Your assignment: Copy all lines holding the word "Chattanooga" from the entries.

Data to process:
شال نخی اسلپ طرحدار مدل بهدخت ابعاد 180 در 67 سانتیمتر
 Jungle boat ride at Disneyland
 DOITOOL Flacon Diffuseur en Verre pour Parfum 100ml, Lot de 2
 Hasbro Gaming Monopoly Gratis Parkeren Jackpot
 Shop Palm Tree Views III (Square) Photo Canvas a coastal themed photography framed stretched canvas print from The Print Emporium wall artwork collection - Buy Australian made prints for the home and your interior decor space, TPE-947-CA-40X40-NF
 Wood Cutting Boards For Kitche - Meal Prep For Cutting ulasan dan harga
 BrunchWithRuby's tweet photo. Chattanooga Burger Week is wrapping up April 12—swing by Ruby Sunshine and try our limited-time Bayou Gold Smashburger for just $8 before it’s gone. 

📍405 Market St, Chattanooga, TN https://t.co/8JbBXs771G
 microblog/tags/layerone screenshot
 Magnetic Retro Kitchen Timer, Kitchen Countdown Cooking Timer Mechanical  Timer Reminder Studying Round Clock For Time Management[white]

Result:
 BrunchWithRuby's tweet photo. Chattanooga Burger Week is wrapping up April 12—swing by Ruby Sunshine and try our limited-time Bayou Gold Smashburger for just $8 before it’s gone. 
📍405 Market St, Chattanooga, TN https://t.co/8JbBXs771G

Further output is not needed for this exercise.